En este contexto, el último informe de Exceltur constata que el primer trimestre del año se ha saldado en positivo, con un crecimiento del PIB turístico del 2,1% y un aumento de las ventas empresariales del 4%, en línea con una demanda que se mantiene fuerte aunque más prudente. «Ha sido un inicio de año muy positivo, en especial del lado extranjero», ha valorado el vicepresidente ejecutivo de la alianza turística, Óscar Perelli, quien ha ampliado que estos resultados se han producido en un contexto de enorme complejidad operativa.

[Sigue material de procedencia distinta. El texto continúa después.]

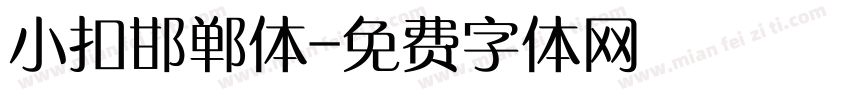 小扣邯郸体字体转换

Urge más inversiones en alta velocidad
El arranque del año ha estado marcado, además, por una sucesión de incidencias que han tensionado la actividad. Al impacto del tren de borrascas, que obligó a cancelar y reubicar viajeros, se sumaron los problemas de conectividad derivados del accidente ferroviario de Adamuz y los retrasos persistentes en la alta velocidad, especialmente en corredores clave como Andalucía. Según refleja el informe, la interrupción de este servicio tuvo un impacto directo en la demanda nacional, con caídas de pernoctaciones hoteleras de hasta el 22,7% en Córdoba y del 14,9% en Sevilla en los primeros meses del año, al limitarse las alternativas de transporte. Con estos datos sobre la mesa, Perelli ha puesto de manifiesto la «urgencia de reforzar las inversiones en alta velocidad por el impacto que tiene sobre los viajeros y la imagen de España», en un momento en el que el sector podría beneficiarse de un aumento de la demanda internacional.
Este escenario ha tensionado la operativa de las empresas en un momento en el que los costes se han disparado con fuerza. El encarecimiento de la energía y del transporte ha superado el crecimiento de los ingresos, provocando una contracción de los márgenes, particularmente acusada en las compañías de transporte. Aun así, el informe refleja que el sector mantiene un buen comportamiento en términos de empleo, con más de 56.000 nuevos afiliados en marzo, una tasa de temporalidad en mínimos históricos del 7,5% y una mejora salarial por encima de la media nacional.
Las agencias, en la otra cara de la moneda
Sin embargo, ese impulso de la demanda convive con riesgos crecientes. El encarecimiento de los costes energéticos y del transporte, unido a la incertidumbre económica, está afectando a la renta disponible de familias y empresas, lo que puede traducirse en un retraimiento del consumo turístico. Exceltur estima que estos factores podrían restar hasta 1,9 puntos al PIB turístico, prácticamente neutralizando el efecto positivo del desvío de demanda. De hecho, algunos de estos efectos ya empiezan a ser visibles en el comportamiento de las agencias de viajes, que detectan una contracción de reservas, especialmente en el mercado emisor español.
La principal característica del momento actual es, en todo caso, la volatilidad. «El nivel de incertidumbre sobre las reservas y el comportamiento de los turistas es muy complejo de aproximar», ha reconocido Perelli, insistiendo en que los destinos españoles están sometidos a dinámicas opuestas. Aunque el corto plazo puede verse favorecido por el trasvase de viajeros desde zonas en conflicto, el sector es consciente de que la guerra introduce una importante carga de inestabilidad.
«La guerra es el peor enemigo del turismo», ha recordado el especialista, alertando de que un escenario prolongado podría deteriorar rápidamente las perspectivas. Pese a ello, y bajo la hipótesis de que el conflicto tenga una duración limitada, Exceltur ha revisado ligeramente al alza sus previsiones y sitúa el crecimiento del PIB turístico en el 2,5% en 2026, por encima de lo estimado a comienzos de año y también del avance previsto para el conjunto de la economía española. De cumplirse este escenario, el turismo aportaría cerca del 16% del crecimiento total del país.